Non so che scelte faremo nelle prossime settimane. Discuteremo insieme, fedeli all’idea – sempre più eretica in tempi drammatici come questi – che la politica è sempre una scelta collettiva, mai individuale, mai dettata da contingenze o da logiche strumentali.
E tuttavia a me viene da dire già adesso una cosa, la appunto su di un post it come promemoria, personale e collettivo.
Non basta un congresso, un maquillage, non bastano nuovi leader. Serve tutto questo, ma non basta.
Non c’è futuro senza riconquistare una vera autonomia culturale, di pensiero, di idee, un’autonomia da ricostruire con il coraggio, la radicalità e la capacità di innovazione che occorrono nei momenti drammatici.

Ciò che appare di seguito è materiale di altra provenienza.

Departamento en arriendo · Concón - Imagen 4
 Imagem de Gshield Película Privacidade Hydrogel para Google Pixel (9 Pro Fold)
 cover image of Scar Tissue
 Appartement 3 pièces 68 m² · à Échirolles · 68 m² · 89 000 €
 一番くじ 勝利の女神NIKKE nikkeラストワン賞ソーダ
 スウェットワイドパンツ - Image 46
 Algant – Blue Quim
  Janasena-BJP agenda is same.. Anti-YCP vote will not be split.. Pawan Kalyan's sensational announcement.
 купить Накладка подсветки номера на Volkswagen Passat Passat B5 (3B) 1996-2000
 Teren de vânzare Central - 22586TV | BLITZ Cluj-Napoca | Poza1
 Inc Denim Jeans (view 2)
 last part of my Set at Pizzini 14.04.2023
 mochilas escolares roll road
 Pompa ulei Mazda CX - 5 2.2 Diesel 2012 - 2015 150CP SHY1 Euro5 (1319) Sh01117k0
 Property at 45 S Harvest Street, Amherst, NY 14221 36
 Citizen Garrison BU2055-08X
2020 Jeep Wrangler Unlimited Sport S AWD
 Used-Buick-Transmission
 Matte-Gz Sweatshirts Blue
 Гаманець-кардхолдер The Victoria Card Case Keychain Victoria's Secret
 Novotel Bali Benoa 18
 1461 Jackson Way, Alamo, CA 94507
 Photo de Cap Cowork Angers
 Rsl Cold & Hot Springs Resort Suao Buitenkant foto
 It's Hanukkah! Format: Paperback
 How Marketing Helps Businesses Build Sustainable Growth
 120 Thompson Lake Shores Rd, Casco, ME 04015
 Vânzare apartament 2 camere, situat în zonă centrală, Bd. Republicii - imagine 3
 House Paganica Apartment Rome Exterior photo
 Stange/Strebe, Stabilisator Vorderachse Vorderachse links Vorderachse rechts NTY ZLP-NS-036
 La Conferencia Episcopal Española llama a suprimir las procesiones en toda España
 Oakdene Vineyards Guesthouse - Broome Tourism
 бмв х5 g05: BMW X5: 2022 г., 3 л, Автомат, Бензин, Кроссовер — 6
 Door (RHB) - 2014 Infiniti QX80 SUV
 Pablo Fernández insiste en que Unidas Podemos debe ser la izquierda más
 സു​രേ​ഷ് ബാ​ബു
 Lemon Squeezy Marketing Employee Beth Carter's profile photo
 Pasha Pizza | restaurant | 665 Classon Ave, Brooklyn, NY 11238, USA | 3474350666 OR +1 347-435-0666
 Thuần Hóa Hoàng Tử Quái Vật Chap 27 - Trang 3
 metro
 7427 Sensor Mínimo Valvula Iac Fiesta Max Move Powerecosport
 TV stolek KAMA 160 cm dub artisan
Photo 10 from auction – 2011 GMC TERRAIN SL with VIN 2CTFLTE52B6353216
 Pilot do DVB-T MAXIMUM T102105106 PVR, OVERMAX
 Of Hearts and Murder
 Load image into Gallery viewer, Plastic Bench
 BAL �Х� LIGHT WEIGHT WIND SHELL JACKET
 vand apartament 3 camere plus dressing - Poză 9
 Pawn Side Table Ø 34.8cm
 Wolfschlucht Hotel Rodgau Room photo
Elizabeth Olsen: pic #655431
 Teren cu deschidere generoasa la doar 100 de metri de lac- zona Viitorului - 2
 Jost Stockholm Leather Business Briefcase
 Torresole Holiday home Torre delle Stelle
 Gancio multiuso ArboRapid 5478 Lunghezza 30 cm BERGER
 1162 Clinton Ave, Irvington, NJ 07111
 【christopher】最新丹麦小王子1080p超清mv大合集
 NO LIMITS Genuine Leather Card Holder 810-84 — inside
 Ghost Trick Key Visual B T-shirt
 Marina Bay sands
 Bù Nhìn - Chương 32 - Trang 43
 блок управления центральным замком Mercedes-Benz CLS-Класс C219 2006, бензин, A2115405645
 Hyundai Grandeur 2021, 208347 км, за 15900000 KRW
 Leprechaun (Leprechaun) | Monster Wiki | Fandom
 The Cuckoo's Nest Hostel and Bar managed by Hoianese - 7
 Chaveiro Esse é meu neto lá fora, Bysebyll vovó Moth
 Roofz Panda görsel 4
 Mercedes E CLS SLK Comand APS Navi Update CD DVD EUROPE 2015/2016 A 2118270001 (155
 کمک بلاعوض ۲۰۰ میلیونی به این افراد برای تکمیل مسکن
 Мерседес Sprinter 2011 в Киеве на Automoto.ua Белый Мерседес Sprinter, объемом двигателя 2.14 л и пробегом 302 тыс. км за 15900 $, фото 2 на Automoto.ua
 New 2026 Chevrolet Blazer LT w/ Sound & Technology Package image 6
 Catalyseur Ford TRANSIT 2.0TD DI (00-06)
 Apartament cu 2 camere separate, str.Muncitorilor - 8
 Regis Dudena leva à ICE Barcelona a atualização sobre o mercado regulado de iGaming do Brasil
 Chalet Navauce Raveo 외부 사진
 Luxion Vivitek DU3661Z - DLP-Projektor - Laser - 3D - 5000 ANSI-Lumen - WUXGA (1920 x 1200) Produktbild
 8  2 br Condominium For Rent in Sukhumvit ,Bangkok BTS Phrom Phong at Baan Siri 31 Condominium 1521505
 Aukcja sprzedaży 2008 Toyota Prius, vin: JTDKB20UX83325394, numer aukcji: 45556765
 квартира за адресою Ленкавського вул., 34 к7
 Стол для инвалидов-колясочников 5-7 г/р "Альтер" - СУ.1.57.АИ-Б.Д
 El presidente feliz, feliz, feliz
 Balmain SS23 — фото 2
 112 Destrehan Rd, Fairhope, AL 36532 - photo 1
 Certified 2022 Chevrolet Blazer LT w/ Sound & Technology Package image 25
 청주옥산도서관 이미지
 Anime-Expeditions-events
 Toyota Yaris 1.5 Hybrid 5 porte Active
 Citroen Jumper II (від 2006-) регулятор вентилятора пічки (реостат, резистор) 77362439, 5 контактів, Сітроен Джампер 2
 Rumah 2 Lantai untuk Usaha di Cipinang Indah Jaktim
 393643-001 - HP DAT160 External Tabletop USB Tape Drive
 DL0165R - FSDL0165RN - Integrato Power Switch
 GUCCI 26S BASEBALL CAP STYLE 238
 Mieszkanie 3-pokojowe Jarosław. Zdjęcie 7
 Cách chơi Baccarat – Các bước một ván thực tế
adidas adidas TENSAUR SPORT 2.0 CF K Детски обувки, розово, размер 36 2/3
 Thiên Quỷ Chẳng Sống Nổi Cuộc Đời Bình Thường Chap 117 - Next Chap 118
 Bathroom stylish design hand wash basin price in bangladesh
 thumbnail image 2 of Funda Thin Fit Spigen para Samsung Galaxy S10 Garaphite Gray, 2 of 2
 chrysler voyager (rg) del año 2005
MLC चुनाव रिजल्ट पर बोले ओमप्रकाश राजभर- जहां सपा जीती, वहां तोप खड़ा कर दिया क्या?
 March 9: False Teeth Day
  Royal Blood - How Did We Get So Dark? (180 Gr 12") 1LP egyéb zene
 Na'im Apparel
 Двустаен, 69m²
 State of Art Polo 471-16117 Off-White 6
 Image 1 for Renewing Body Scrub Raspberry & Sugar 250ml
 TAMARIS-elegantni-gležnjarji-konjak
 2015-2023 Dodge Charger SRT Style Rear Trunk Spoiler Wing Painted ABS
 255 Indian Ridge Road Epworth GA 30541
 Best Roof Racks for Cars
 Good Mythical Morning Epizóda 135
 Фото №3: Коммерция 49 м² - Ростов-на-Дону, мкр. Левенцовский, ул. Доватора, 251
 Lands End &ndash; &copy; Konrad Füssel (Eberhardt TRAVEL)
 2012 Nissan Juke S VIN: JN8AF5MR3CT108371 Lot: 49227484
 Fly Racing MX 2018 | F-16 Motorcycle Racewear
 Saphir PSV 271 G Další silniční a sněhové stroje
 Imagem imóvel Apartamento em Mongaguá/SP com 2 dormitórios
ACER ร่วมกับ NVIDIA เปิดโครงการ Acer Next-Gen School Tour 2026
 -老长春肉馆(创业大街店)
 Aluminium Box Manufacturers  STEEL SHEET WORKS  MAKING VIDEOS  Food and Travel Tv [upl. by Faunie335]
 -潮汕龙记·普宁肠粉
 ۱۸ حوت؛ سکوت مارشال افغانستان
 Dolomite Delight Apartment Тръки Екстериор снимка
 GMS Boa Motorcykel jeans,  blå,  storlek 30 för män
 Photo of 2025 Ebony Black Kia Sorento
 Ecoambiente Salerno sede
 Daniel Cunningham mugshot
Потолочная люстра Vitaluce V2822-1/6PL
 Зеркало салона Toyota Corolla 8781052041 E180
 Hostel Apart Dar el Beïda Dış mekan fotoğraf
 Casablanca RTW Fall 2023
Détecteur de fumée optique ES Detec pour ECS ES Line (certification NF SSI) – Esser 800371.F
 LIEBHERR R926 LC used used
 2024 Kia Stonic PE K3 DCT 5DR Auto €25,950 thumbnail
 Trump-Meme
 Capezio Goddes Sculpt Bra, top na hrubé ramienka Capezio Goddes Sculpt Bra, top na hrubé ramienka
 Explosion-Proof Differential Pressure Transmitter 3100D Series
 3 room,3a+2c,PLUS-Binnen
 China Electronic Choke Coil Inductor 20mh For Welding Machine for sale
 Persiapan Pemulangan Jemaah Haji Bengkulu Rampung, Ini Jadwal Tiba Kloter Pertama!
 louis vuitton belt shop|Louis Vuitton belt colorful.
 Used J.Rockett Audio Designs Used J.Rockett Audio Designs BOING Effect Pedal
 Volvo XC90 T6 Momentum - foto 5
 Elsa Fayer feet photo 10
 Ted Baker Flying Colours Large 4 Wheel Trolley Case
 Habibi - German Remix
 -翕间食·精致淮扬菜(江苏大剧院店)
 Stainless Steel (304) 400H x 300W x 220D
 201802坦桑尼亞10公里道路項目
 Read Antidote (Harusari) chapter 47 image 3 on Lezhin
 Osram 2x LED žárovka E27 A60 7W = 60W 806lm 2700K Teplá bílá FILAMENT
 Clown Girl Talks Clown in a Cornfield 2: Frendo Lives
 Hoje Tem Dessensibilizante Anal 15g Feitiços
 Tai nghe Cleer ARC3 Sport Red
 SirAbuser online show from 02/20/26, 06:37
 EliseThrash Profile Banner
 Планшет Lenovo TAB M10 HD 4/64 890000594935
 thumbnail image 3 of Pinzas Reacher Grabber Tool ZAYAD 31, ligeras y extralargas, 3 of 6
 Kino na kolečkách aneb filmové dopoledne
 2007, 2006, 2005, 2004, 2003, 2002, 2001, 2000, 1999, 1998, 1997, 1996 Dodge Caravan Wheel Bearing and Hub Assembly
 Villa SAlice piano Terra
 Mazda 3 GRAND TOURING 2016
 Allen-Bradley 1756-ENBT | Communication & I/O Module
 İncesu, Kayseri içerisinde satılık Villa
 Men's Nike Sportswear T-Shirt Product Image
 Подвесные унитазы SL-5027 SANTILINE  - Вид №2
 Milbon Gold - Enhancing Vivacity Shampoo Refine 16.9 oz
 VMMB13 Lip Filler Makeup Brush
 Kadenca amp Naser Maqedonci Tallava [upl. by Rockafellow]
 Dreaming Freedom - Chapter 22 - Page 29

Senza una collocazione di valori e strategica lontana anni luce dalle agende Draghi, dalle compatibilità dei vincoli esterni, senza un’immersione profonda nel mondo reale, nelle paure e nelle sofferenze di milioni di nostri concittadini impoveriti, precari, ai margini, in difficoltà, in crisi. Senza coinvolgere chi non vota più e chi ha votato senza alcun entusiasmo.
Dico una cosa impegnativa, ma ci credo veramente: occorre riprendere il filo della storia spezzato strappo dopo strappo a partire dal 1989. Occorre ricostruire, in forme nuove, una sinistra di popolo e di trasformazione. A gestire l’esistente, le diseguaglianze, il capitalismo sono più brave le destre.
Una cara compagna mi ha ricordato che nel gennaio 1919 Rosa Luxemburg, nel suo ultimo articolo, commentando la sconfitta della rivolta spartachista, scriveva: “L’insurrezione è stata sconfitta. Forse non era matura né organizzata. Ma dalla sconfitta di oggi fiorirà la vittoria futura”.
La nostra colpa è di avere smesso di organizzare l’insurrezione. Di avere smesso di pensare alla trasformazione possibile in Occidente.
Questioni gigantesche, che l’incubo della guerra mondiale nucleare rende ancora più grandi. Ciò che oggi è in campo non è attrezzato ad affrontarle. Questo è il nostro compito.